Founded in 2023 by Tal Borenstein, Shahar Glazner, and Matvey Kukuy, Keep is a story of technical grit and creative pivoting. Originally accepted to Y Combinator with a very different idea—a “bring your own cloud” tool—the team quickly realized their product wasn’t resonating. They pivoted hard over a single weekend, building what co-founder Glazner later called a “stupid-simple” tool to help engineers make sense of alert storms.
That prototype—built without a user interface and with just a handful of integrations—was posted to Hacker News under the name Keep. It drew hundreds of GitHub stars almost immediately. “We felt alive,” Glazner wrote in a candid LinkedIn post on Wednesday, reflecting on the company’s early days. But the journey that followed was anything but easy.
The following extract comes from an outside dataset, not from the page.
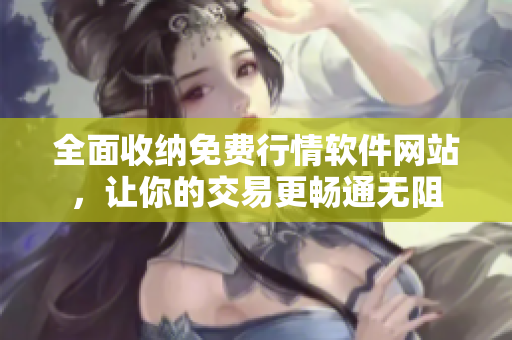 全面收納免費(fèi)行情軟件網(wǎng)站，讓你的交易更暢通無阻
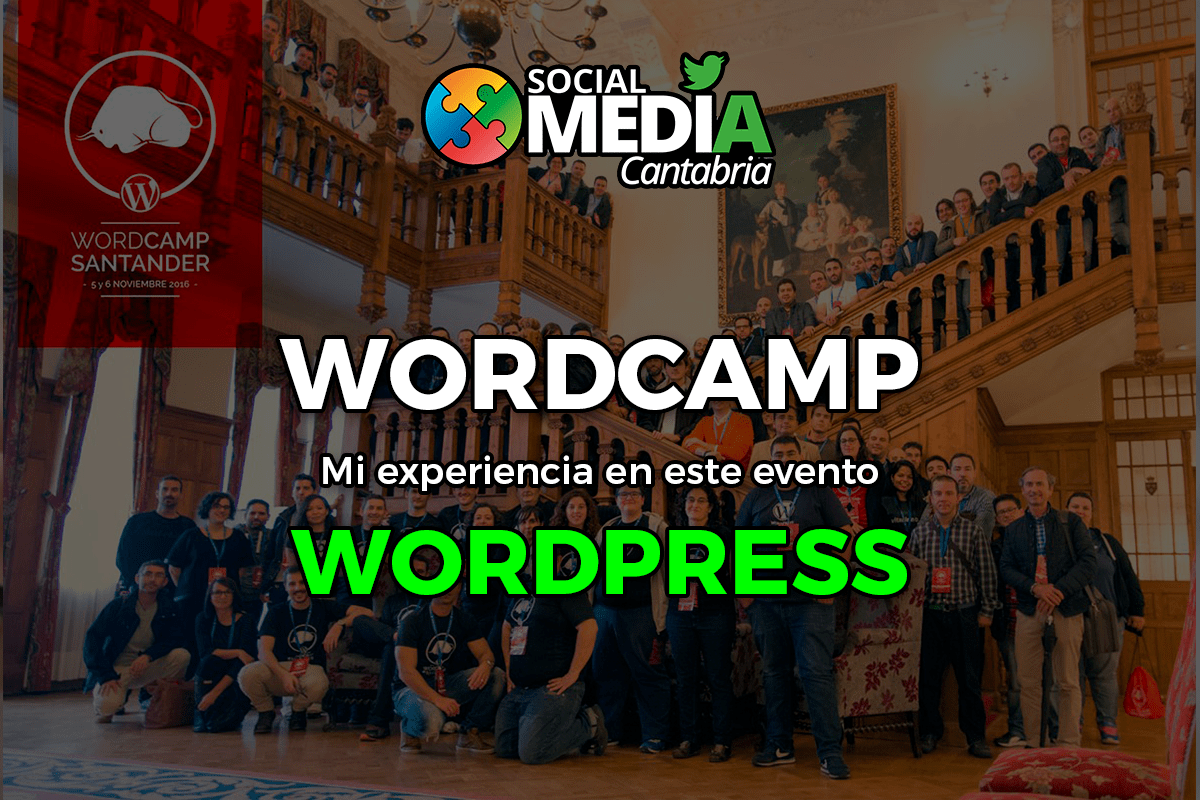 En este momento estás viendo Mi experiencia en la Wordcamp 2016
After failing to raise follow-on funding on demo day and returning to Tel Aviv, the team spent months refining their pitch and product before landing their first paying customer nearly a year later. Eventually, they raised $2.5 million in pre-Seed funding and began gaining traction among SREs and DevOps teams overwhelmed by noisy and disjointed alerts.
Keep’s core value proposition is deceptively simple: unify alerts from disparate monitoring systems, prioritize them using AI, and reduce the mental load on engineers. But under the hood, its system does much more. It correlates events, detects anomalies, diagnoses root causes, and can even automate remediation workflows via code or no-code interfaces.
Elastic, the company behind Elasticsearch, Kibana, and a suite of observability tools used by Fortune 500 companies, saw in Keep a natural extension of its strategy. In his announcement, Elastic Chief Product Officer Ken Exner highlighted the alignment of values between the two companies—especially their shared commitment to open source.
The plan is to integrate Keep into Elastic’s observability and security offerings, leveraging its AI-based incident management capabilities to augment what Elasticsearch already does well: indexing, searching, and analyzing massive volumes of machine data.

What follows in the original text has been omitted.